By Haruna Gimba
The World health Organisation (WHO) with other quadripartite partners, the Food and Agriculture Organization (FAO), the United Nations Environment Programme (UNEP), and the World Organisation for Animal Health (WOAH), have launched the One Health Joint Plan of Action.
The plan integrates systems and capacity to collectively better prevent, predict, detect, and respond to health threats. Ultimately, this coordination should improve the health of humans, animals, plants, and the environment, while contributing to sustainable development.
The plan was launched on October 18, 2022, during a joint event at the World Health Summit in Berlin, hosted by the Federal Ministry for Economic Cooperation and Development (BMZ), the Deutsche Gesellschaft für Internationale Zusammenarbeit (GIZ), the Museum für Naturkunde and the Foundation Healthy Planet-Healthy People.
It was then presented at the biennial World One Health Congress, held this year in Singapore.
The focus of that conference was on how One Health could support the COVID-19 recovery by integrating science, policy, and clinical practice.
The pandemic has spurred many governments to look for guidance, and the One Health Joint Plan of Action is providing them with a framework in which to move forward.

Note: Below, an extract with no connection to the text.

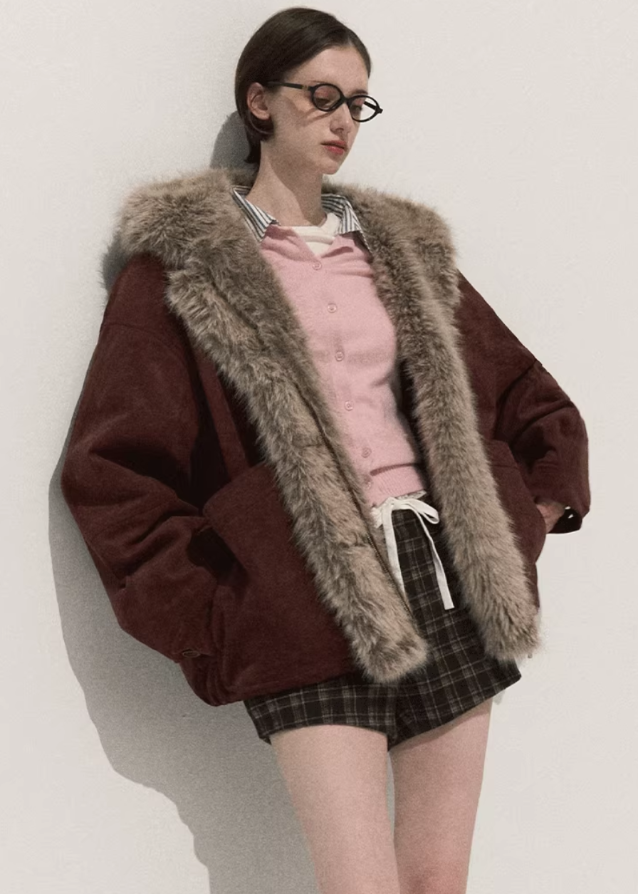 suede fur jacket women, eco friendly faux fur coat, winter 2025 suede outerwear, thick warm fur collar jacket, korean street winter coat, vintage suede shearling jacket, soft suede faux fur jacket women, oversized cozy winter outerwear, nowa tokyo high end street fashion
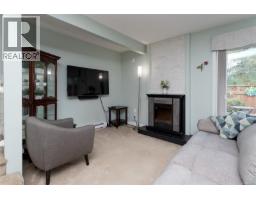 Living room - 904 640 Broadway St, Saanich, BC V8Z2G4 Photo 11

Breaking the silos that exist between sectors and disciplines will require innovative approaches and strengthening of social, administrative, scientific, economic and political will.
Greater investment in applied and multidisciplinary implementation research, including in social behaviour change across the spectrum from building new knowledge to piloting and scaling is needed to enable sustainable, locally relevant scientific and evidence-based interventions that channel scientific inquiry toward positive change.
The Quadripartite is currently developing an implementation framework to operationalize the One Health Joint Plan of Action at all levels and to support countries to establish or further strengthen their One Health systems and capacities.